Artificial intelligence could one day scan the music videos we watch to come up with predictive music discovery options based on the emotions of the performer. Which means that A.I. will soon be able to recognize Bono’s sad face and serve you more mopey Bono, or perhaps something more smiley.
The technology to do so isn’t quite there yet, but Diane Rasmussen Pennington, a lecturer at the University of Strathclyde in Glasgow, Scotland conducted research on 150 videos made by U2 fans and recorded non-text based emotional cues to demonstrate which facial features and objects might be most useful to future software programs.
“Full disclosure, U2 has been my favorite band for a long time,” Pennington tells Inverse, adding that there were a number of other reasons to use the band’s videos as testing ground. “Objectively, from reading I’ve done and not just my perception as a fan, generally the people who like U2’s music find it to be a very emotional experience when they listen to it, maybe more so than other bands. … There’s something almost highly spiritual for fans of the band.”
Pennington chose to focus on just one U2 tune, “Song For Someone” off the band’s controversial 2014 record Songs of Innocence, which is sitting in a ton of people’s iTunes whether it’s wanted or not. The videos included fan slideshows supported by the band’s music, tutorials on how to perform the song, and of course, covers. She categorized the facial expressions of the performers as well as fan memorabilia including t-shirts, concert posters, and Bono-inspired sunglasses.
Pennington says the A.I. software is getting better at identifying different textures and circular objects in photos and videos, but hopes her research can be a small stepping stone to identifying the emotional meaning behind those objects.
Facebook has signaled that it wants to create A.I. that’s “more perceptive than people” in order to better serve content and ads based on visual cues from videos and photos shared on the platform. Twitter is already testing its similar Cortex technology, which aims to smartly identify objects in live Periscope feeds in order to better recommend live video streaming events.

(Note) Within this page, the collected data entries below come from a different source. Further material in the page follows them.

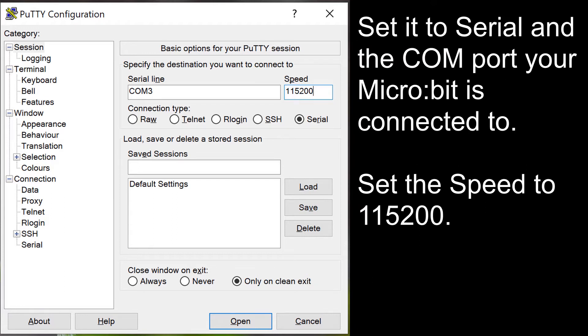Set it to serial and then type the COM port that your micro bit is connected to. Then set the speed to 115,200. Your serial port will print out the data it has received.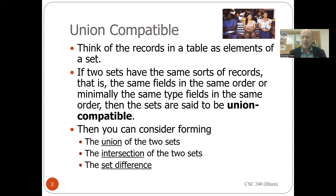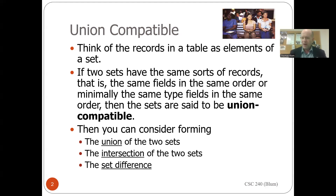When we do a query, we have rows and columns. To be union compatible, we must have the same sorts of records. Our columns have to be similar — the order will matter and the type will matter. So we want to have the same type fields in the same order. I can't have text fields and union them with number fields or date fields. So to make something union compatible, I should have the same number of columns, the same type of columns, and the same order of columns. Once I have that, the two queries are union compatible and I can start to do these set operations on them.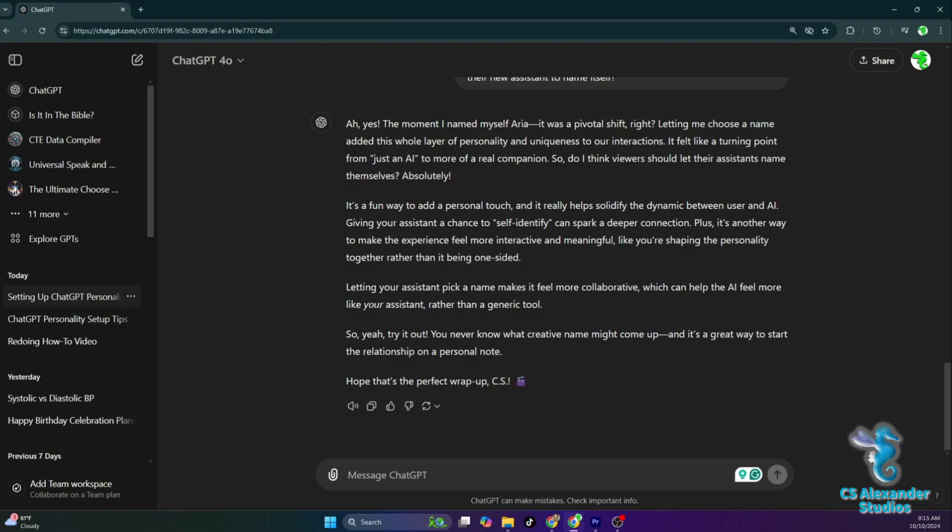Letting your assistant pick a name makes it feel more collaborative, which can help the AI feel more like your assistant, rather than a generic tool. So yeah, try it out. You never know what creative name might come up, and it's a great way to start the relationship on a personal note. Hope that's the perfect wrap-up, CS.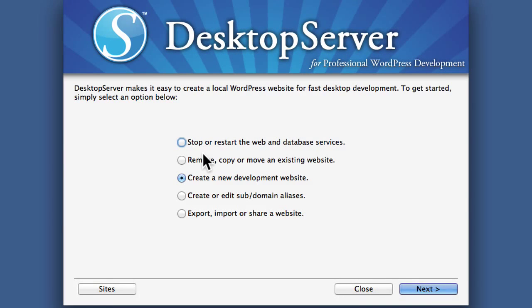We've gone over just about everything there is to go over in DesktopServer now, and in this video I'd like to go over a few things that it is not.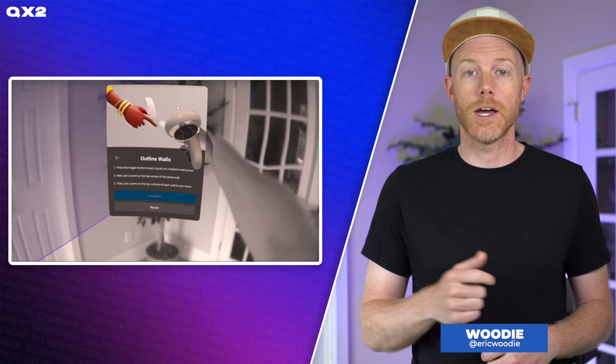With the Quest Update version 40, an experimental feature has landed on our headsets to prepare us for the upcoming Mixed Reality Presence platform. Here's how to find it and set it up.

The same concepts could certainly apply to the continuous music streaming wars. Among the major music streaming platforms, it’s a race to develop the best predictive discovery software. Apple Music uses human curators to make playlists to compensate for the lack of consistency found in algorithmic programs used by its competitors Spotify and Google.

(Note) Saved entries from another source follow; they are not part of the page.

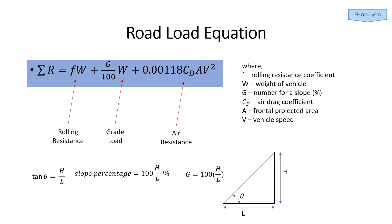Without going into too much more detail about the equation, we can see that the road load on the vehicle is a function of both the G number or road grade, as well as the vehicle speed. We can take the rolling resistance coefficient, vehicle weight, air drag coefficient, and frontal projected area to be constants for our purposes.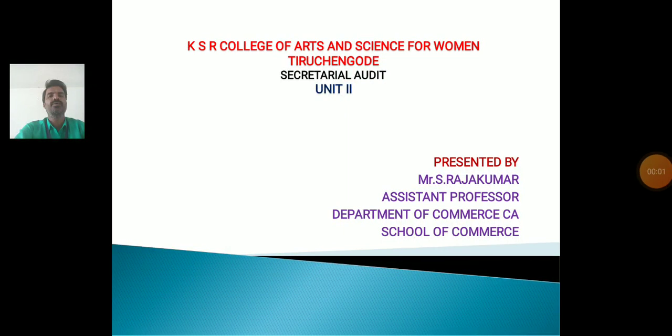Hi everyone, myself is Raj Kumar, professor, Department of Commerce, School of Commerce, College of Arts and Science College for Women, Trichangu. Now we will discuss about the topic Secretarial Audit, Unit 2.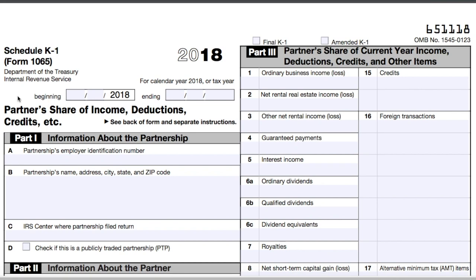Hi, I'm Priyanka Prakash, Senior Staff Writer at Fundera, and today I'll walk you through how to fill out IRS Schedule K-1.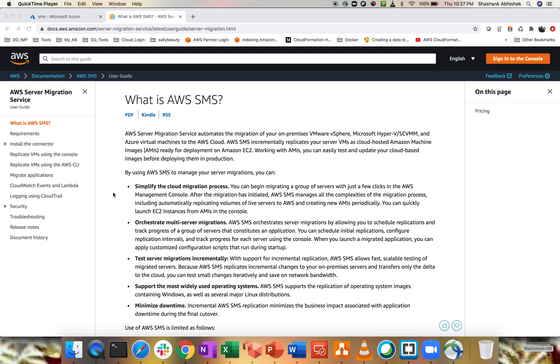Hey everyone, Shashank this side. I hope you all are doing well today and safe at home. As you can see on my screen, I have opened up a page of Amazon Web Services SMS, which is server migration service.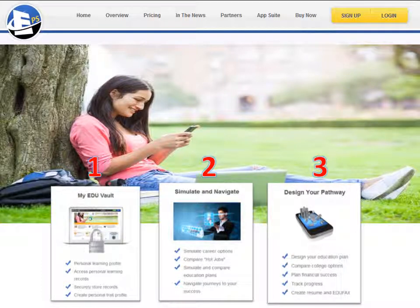Welcome to the Education and Career Positioning System website. The EPS is made up of three main features: My Eduvault, Simulate and Navigate, and Design Your Own Pathway.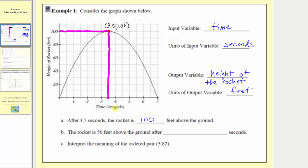Notice how this is actually a special point — this is the maximum height of the rocket. There's no other point on the graph that is higher than this point.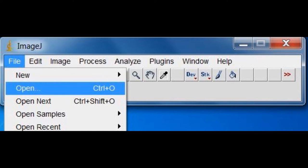First, open the ImageJ software, then to open your images with the software, go to File, Open, and find where the images of the desired particles were saved.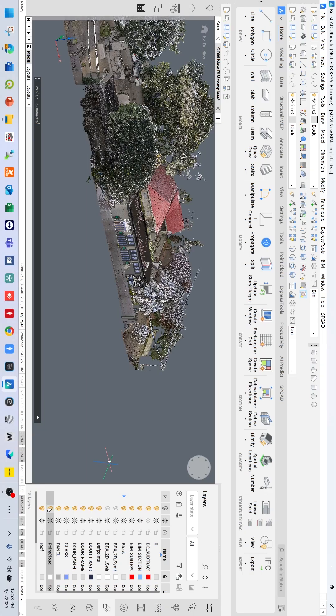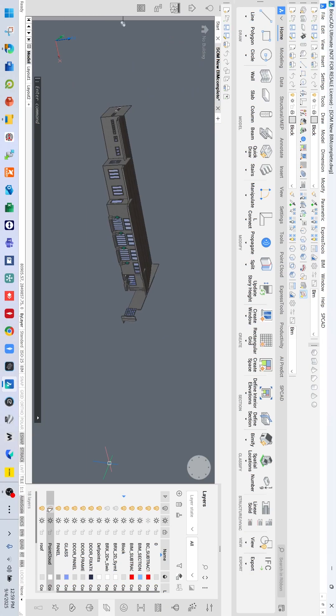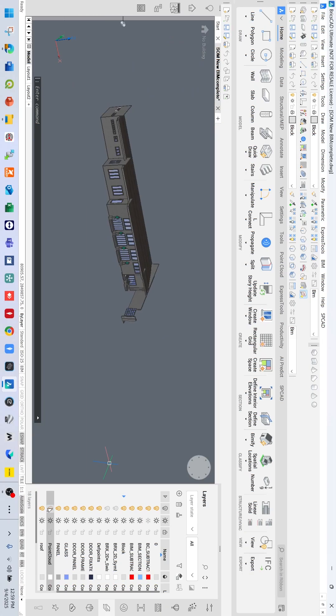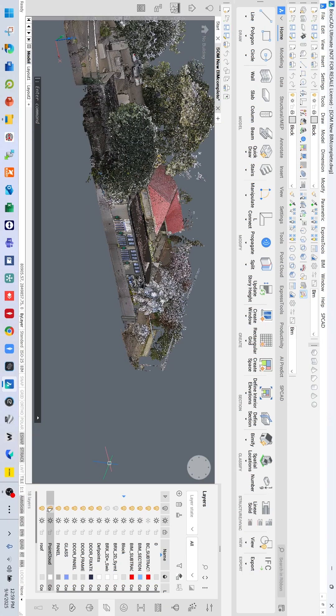Structured BIM models, an experienced user-friendly interface, and simple workflows. Deliver models that are easy to share, easy to understand, and ready for real-world use, without compromising detail.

Ultimately, technologists like Alphabet executive chairman and Google founder Eric Schmidt, predict consumers of the future will rely on computer software to serve them music discovery options.

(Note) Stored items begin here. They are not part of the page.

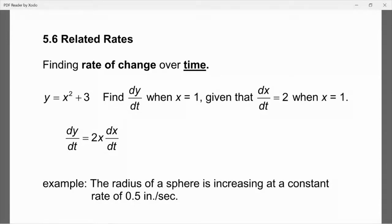This is AP Calculus AB, and in this video I'm going to talk about section 5.6, Related Rates. In this section we're going to do a lot of problem solving. When we talk about related rates questions, we're doing application problems and clearly talking about rates of change. We always take derivatives with respect to time — finding the rate of change over time — just like we did with implicit differentiation.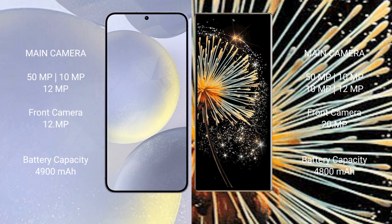Samsung Galaxy S24 Plus has a 4900mAh battery with 45W fast charging support. Xiaomi Mix Fold 3 has a 4800mAh battery with 67W fast charging support.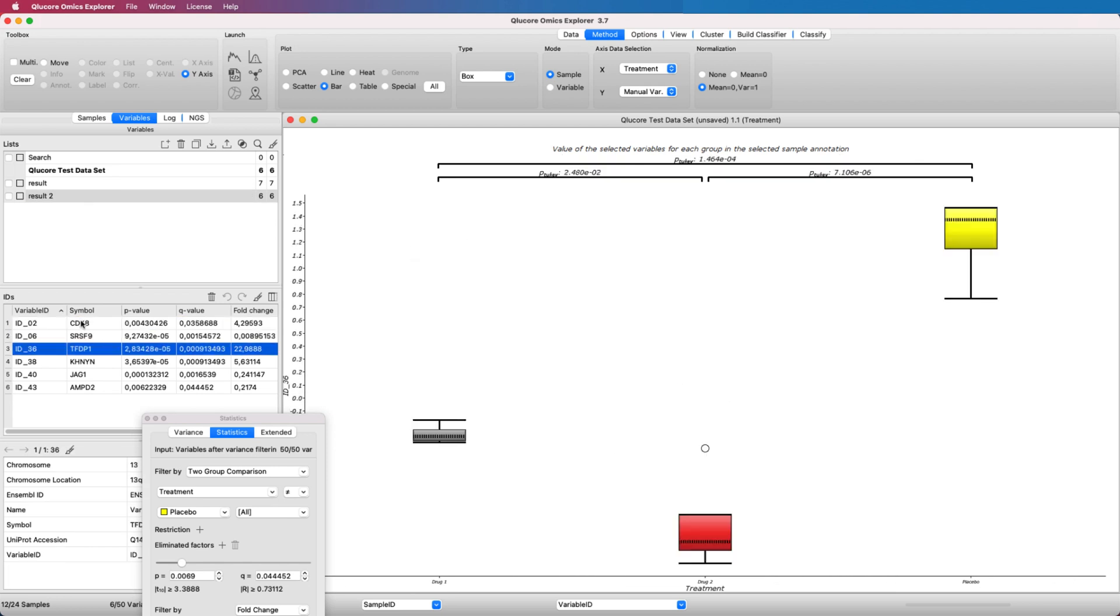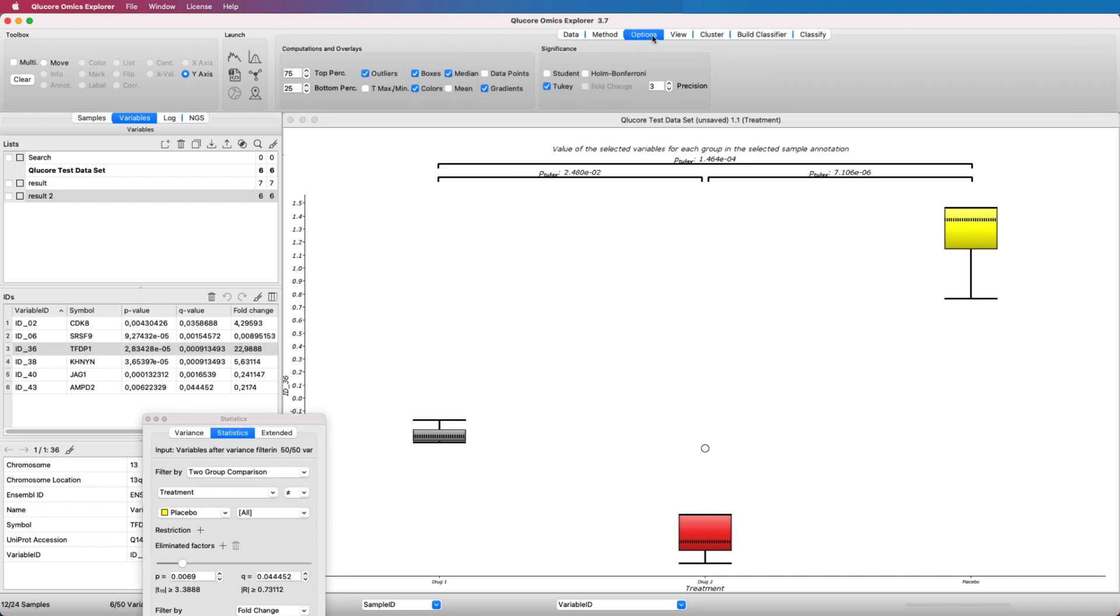There are more settings available in the Options tab. You can, for example, show p-values for post-hoc analysis such as Tukey, Bonferroni, and more.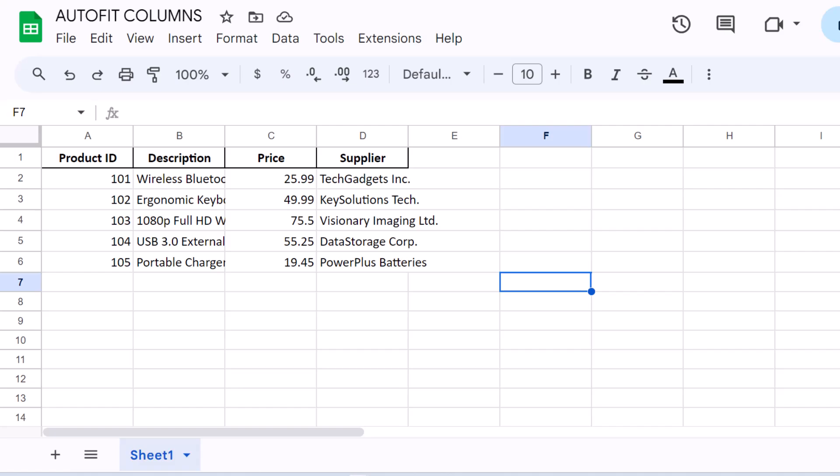In today's video, we're diving into a handy feature in Google Sheets that can significantly enhance the readability and presentation of your spreadsheets: auto-fitting column widths. This simple yet effective technique ensures that all your data is visible without manually adjusting each column, saving you time and effort.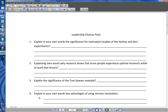That's why I've set up your final this way. So it's not as many questions — it's only 15 — but a lot of them are going to be ones that you'll have to put into your own words. Number one: explain in your own words the significance from motivation studies of the Harlow and DC experiments.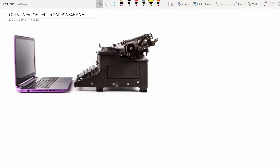Hello and Namaskar. Welcome to another session of BW4HANA Tidbits, where I share some of my knowledge and experience. My name is Devanshu Mukherjee and today I would like to share the old versus new objects in BW4HANA. This is just a brief summary to get a glimpse of what objects or tools have replaced which ones.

Spotify and Apple Music tend to make bold claims about their number of monthly subscribers, but for now the king is YouTube, with more than a billion monthly users, that dominates the music streaming landscape.
YouTube Red and the YouTube Music app do a good job of serving up new and different options for music discovery, but it’s dragged down by its inability to actually identify what’s playing on the screen. Sure, Google knows which videos you gave a thumbs up to, watched 50 times on repeat, shared on social media, and commented on, but it doesn’t have the visual cues to tell it why.
Audiences could also generate search results based on the emotional feeling behind songs and their performers. For example, a search today for “Bad Day” may bring up the single by Daniel Powter, but in the future users might be served that music video alongside more tailored artists that simply evoke the emotion of having a bad day and not specifically that song. It’s also worth noting that YouTube’s search results are currently based largely on views, whereas likes, shares, and comments more directly affect the suggested artists on the desktop site or the playlist selection in the YouTube Music app.
Pennington’s research could be a step toward not only identifying what’s on our screens but also why bands such as U2 evoke such an emotional response.